Transcribe the records in full; omit images.

===

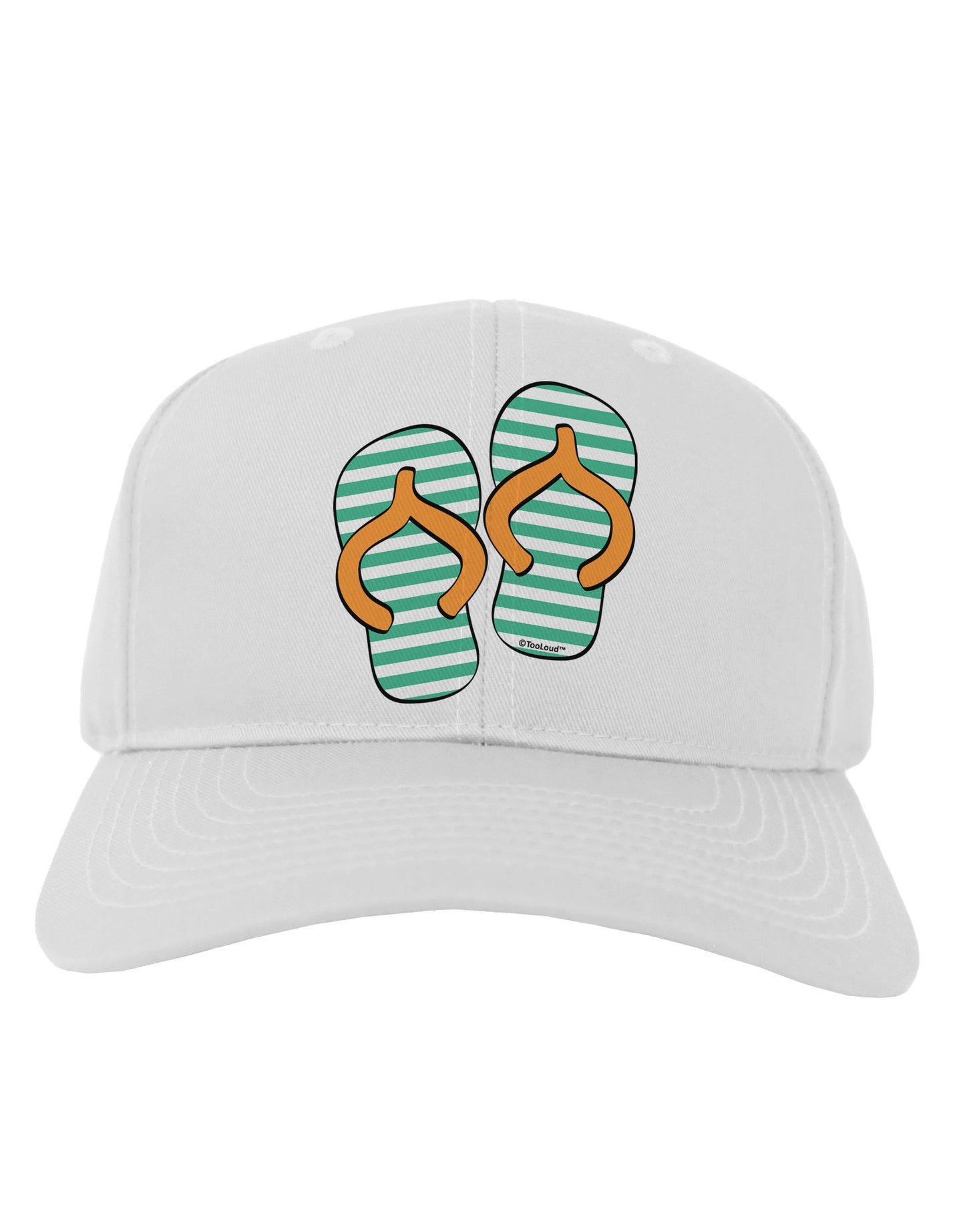 Striped Flip Flops - Teal and Orange Adult Baseball Cap Hat-Baseball Cap-TooLoud-White-One Size-Davson Sales
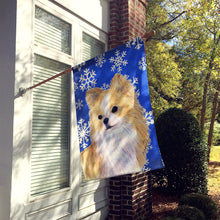 Load image into Gallery viewer, Chihuahua Winter Snowflakes Holiday Flag Canvas House Size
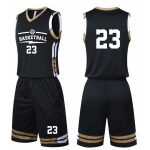 Black and gold basketball jersey and shorts set with number 23.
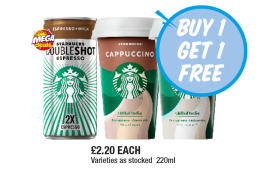 Starbucks Doubleshot, Cappuccino, Skinny Latte No Added Sugar - Now Only Buy 1 Get 1 FREE at Premier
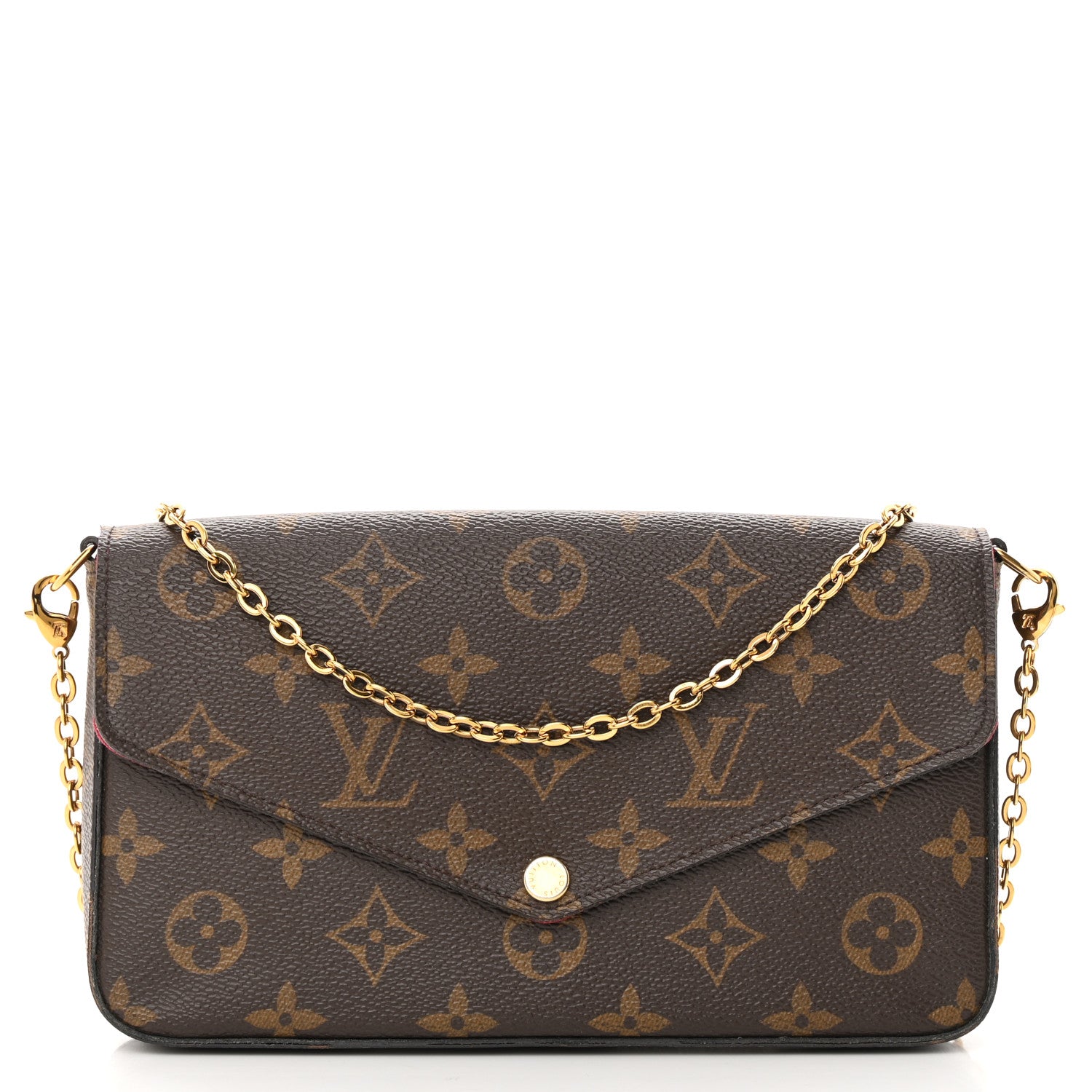 Louis Vuitton Monogram Pochette Felicie Chain Wallet Fuchsia 2 of 19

===

Result of the task:
 Striped Flip Flops - Teal and Orange Adult Baseball Cap Hat-Baseball Cap-TooLoud-White-One Size-Davson Sales
 Load image into Gallery viewer, Chihuahua Winter Snowflakes Holiday Flag Canvas House Size
 Black and gold basketball jersey and shorts set with number 23.
 Starbucks Doubleshot, Cappuccino, Skinny Latte No Added Sugar - Now Only Buy 1 Get 1 FREE at Premier
 Louis Vuitton Monogram Pochette Felicie Chain Wallet Fuchsia 2 of 19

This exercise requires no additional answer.